→ TASK DIRECTIONS
Take the lines below between the one holding "Jones New York Royal Blue Grid Blazer" and the one holding "JEYODA Car Seat", inclusive, and copy them exactly. Add nothing.

→ RECORDS FOR THE EXERCISE
>>>
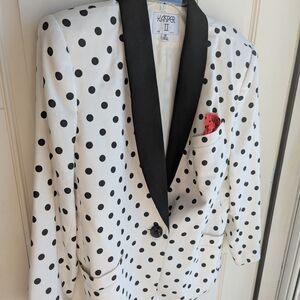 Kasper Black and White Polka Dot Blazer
<<<
>>>
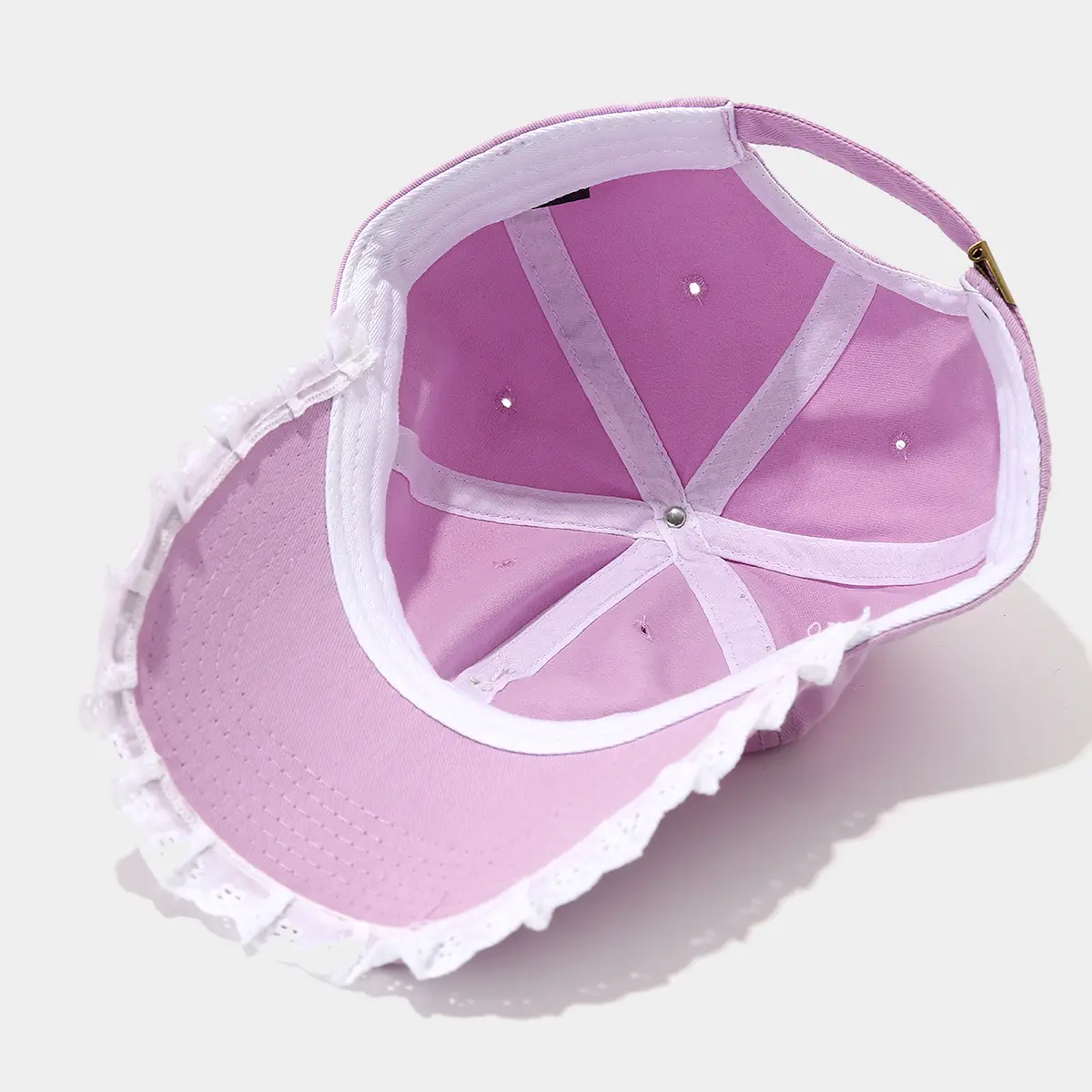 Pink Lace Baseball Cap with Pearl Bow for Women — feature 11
<<<
>>>
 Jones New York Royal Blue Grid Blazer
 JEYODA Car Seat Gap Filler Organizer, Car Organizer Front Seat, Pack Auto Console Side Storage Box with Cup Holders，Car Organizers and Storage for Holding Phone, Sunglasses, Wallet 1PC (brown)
<<<
→ EXERCISE ANSWER
 Jones New York Royal Blue Grid Blazer
 JEYODA Car Seat Gap Filler Organizer, Car Organizer Front Seat, Pack Auto Console Side Storage Box with Cup Holders，Car Organizers and Storage for Holding Phone, Sunglasses, Wallet 1PC (brown)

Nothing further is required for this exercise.